The pattern and magnitude of deforestation that occurred from 1972 to 2000 in the south central Rift Valley of Ethiopia were analyzed using remote sensing change detection techniques. The results show that natural forest cover declined from 16% in 1972 to 2.8% in 2000. The total natural forest cleared between 1972 and 2000 amounted to 40,324 ha, corresponding to an annual loss of 1440 ha. The total loss was 82% of the 1972 forest cover and the annual loss was equivalent to 0.9% of the national figure. The forest decline in the area involved proximate causal factors as well as causal factors that are more spatially diffuse and are part of the long-term evolution of a region much larger than the study area. In order of importance, the major causes of change were small-scale agriculture, commercial logging, and commercial farms. Two major modes of change were observed: 1) internal, ie openings created by small farm plots, grazing lands, and villages; and 2) external, ie expansion of agriculture from the exterior into the forests. The main consequences of deforestation were habitat destruction and decline of water availability.
Introduction
Tropical deforestation has become a global concern, with an annual total forest loss of 9.4 million ha (FAO 2000a). The total forested area of Ethiopia has decreased substantially during the past half-century or so. Recent figures show that the country's forest cover has shrunk to less than 3–3.6% (Reusing 1998; WBISPP 2004). Forest loss in northern Ethiopia probably goes back many hundreds of years (Melaku 1992), with the main remaining forest now confined almost entirely to the southern part of the country (Logan 1946; Friis 1986; Friis 1992).

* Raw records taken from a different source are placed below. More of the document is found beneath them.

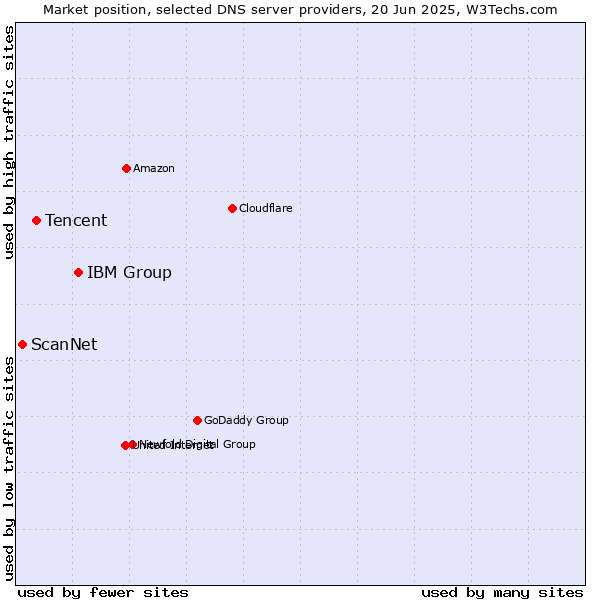Market position of IBM Group vs. Tencent vs. ScanNet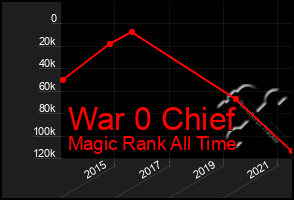 Total Graph of War 0 Chief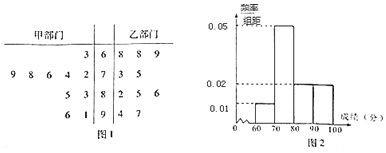 作业帮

In the 1970s, one of the major areas with remnant high forests was the south central Rift Valley of Ethiopia, including Shashemene, Wondo Genet, and parts of Sidama (Chaffey 1979). Today only pockets of high forest remain. The Shashemene forest was one of the most commercially valuable forests in the country (Russ 1944; Logan 1946; Mooney 1954; Breitenbach 1962). The Wondo Genet forests support high biodiversity and provide important watershed services (Mooney 1954; Makin et al 1975), although both aspects are now threatened. About a century ago, early travelers (Neumann 1902; Maud 1904) reported seeing dense canopy and continuous forest covering these sites. In the past half century, the south central Rift Valley of Ethiopia has evolved as one of the core regions in the country, in terms of economy, population, urbanization, and road transport. This has caused rapid forest decline.
In Ethiopia there is a shortage of accurate information regarding the rate of deforestation and the extent of earlier forest cover. The available local level land cover and land use change studies (Kebrom and Hedlund 2000; Gete and Hurni 2001; Belay 2002;Woldeamlak 2002) are all from the northern part of the country. The objective of the present study is to detect, document, and interpret the magnitude, trend, and spatial patterns of forest cover change in the south central Rift Valley of Ethiopia between 1972 and 2000. The main research questions were: What was the rate of natural forest cover change between 1972 and 2000? What are the trends in fragmentation? What are the major causes and consequences of change?
Material and methods
The study area
The study area (Figure 1), which comprises 3060 km2, lies at 6°45′ N to 7°15′ N latitude and 38°15′ E to 38°45′ E longitude. It is located 280 km south of Addis Ababa, and forms part of the south central Rift Valley of Ethiopia. The area has a highly dissected topography draining into 4 different watersheds. The altitude varies between 1675 and 2900 m. The climate is transitional, between a well-defined bimodal pattern to the south and a single rainy season to the north. The eastern half gets annual rainfall reaching 1200 mm, whereas the rainfall on the western side subsides to around 900 mm at Lake Awassa. Within the area, the mean annual temperature varies between 17°C and 19°C.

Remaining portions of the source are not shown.